### Action item
Each record that follows is to be output in full, precisely as written.

*** Data to process ***

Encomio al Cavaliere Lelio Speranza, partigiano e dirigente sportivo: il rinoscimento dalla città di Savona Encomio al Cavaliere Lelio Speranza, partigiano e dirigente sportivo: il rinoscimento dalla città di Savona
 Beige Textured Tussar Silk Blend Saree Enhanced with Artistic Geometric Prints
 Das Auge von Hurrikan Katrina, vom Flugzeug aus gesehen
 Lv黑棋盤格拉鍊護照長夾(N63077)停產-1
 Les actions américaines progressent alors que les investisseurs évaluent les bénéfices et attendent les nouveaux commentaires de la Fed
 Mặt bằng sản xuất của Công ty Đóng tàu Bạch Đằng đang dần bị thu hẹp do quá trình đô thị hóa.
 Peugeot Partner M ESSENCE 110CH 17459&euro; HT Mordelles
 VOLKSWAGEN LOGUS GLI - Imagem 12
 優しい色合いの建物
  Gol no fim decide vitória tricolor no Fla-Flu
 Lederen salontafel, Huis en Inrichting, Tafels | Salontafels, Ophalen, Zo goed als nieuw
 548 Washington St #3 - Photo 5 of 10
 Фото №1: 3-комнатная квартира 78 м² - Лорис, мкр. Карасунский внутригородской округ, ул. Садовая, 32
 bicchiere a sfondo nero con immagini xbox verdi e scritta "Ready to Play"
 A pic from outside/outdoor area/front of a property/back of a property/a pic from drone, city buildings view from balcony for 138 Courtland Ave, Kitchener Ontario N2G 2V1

*** End of Data to process ***

### Reply
Encomio al Cavaliere Lelio Speranza, partigiano e dirigente sportivo: il rinoscimento dalla città di Savona Encomio al Cavaliere Lelio Speranza, partigiano e dirigente sportivo: il rinoscimento dalla città di Savona
 Beige Textured Tussar Silk Blend Saree Enhanced with Artistic Geometric Prints
 Das Auge von Hurrikan Katrina, vom Flugzeug aus gesehen
 Lv黑棋盤格拉鍊護照長夾(N63077)停產-1
 Les actions américaines progressent alors que les investisseurs évaluent les bénéfices et attendent les nouveaux commentaires de la Fed
 Mặt bằng sản xuất của Công ty Đóng tàu Bạch Đằng đang dần bị thu hẹp do quá trình đô thị hóa.
 Peugeot Partner M ESSENCE 110CH 17459&euro; HT Mordelles
 VOLKSWAGEN LOGUS GLI - Imagem 12
 優しい色合いの建物
  Gol no fim decide vitória tricolor no Fla-Flu
 Lederen salontafel, Huis en Inrichting, Tafels | Salontafels, Ophalen, Zo goed als nieuw
 548 Washington St #3 - Photo 5 of 10
 Фото №1: 3-комнатная квартира 78 м² - Лорис, мкр. Карасунский внутригородской округ, ул. Садовая, 32
 bicchiere a sfondo nero con immagini xbox verdi e scritta "Ready to Play"
 A pic from outside/outdoor area/front of a property/back of a property/a pic from drone, city buildings view from balcony for 138 Courtland Ave, Kitchener Ontario N2G 2V1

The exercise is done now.